FK: Back in time, the reactive defence was the only way to ensure information/cybersecurity, and all these shiny toys and objects that you just spoke about were deployed as piecemeal solutions – one challenge, one solution. Without thinking about what are we trying to do effectively from security perspective, everyone tried to imitate each other. That was the time when mostly the IT infra was on-premise. Only when the organisations started moving applications into the cloud, the security landscape started evolving and changing. With this move to the cloud, the ‘shared responsibility models’ started emerging. Whether its Infrastructure-as-a-Service, Platform-as-a-Service, or Software-as-a-Service, the responsibility of security is shared between both the technology consumer and the service provider. As we move further up the curve, most of the responsibility for cyber and data security will shift on to the platform providers, and less will have to be managed by the users. Don’t forget, we are already in the platform era and going forward, businesses will be more reliant on platforms. These platforms are built on the cloud and therefore cloud service provider will have to take the pain out of the users and manage the security. Indeed, the control of data stays with the enterprises and should always be so but most security will become embedded into applications, platforms, and so on.
DCISO: As the momentum shifts from on-premise to cloud and when we talk of platforms like Oracle Autonomous Database, how is security intertwined into this where the users don’t really have to bother about it and just focus on the core and the operations that they have to?
FK: There are two scenarios: One, the customer builds the entire IT stack and puts the database on top of it and run it. Second, buy the licences of Oracle Autonomous database. When we say autonomous, it is a hybrid approach between PaaS and SaaS. In scenario one, you have to manage all of the stack and apply patches whenever they are released and also look after the encryption of data. It could cause downtime and many other performance/security issues. In Autonomous, it is all automated and that burden is now lifted off. With autonomous, we are taking care of everything. The data is encrypted by default. Patch management is absolutely automated. We are working on other security services that we can build into it, so that the customer does not have to take the burden of security. Most of the times, the root cause of a security breach is when something is misconfigured on the database due to negligence/human errors.
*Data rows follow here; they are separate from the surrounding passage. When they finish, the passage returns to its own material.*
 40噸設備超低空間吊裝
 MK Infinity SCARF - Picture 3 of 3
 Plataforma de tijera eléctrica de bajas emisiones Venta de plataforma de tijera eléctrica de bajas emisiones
Due to ‘unlimited privileges’ given to DBAs, most times they bypass the security hygiene which causes a lot of risk.
As opposed to that, Oracle Autonomous database encrypts your data everywhere — be it in SQL, *Net, or backups. The security patches are automatically applied every quarter or whenever needed. It reduces the window of vulnerability.
As I said earlier, security is a shared responsibility. Although we have automated features such as encryption and patching, users are still responsible for business-specific security such as securing users and ensuring sensitive data is appropriately protected. To help users, we also provide a broad range of features and tools designed to help assess and control database security. For example our free Database Security Assessment Tool (DBSAT), which analyses the database and reports findings such as the sensitive data stored, users along with roles and privileges, and configuration settings. All of this and many more features of Oracle Autonomous database helps users reduce the risks manifold.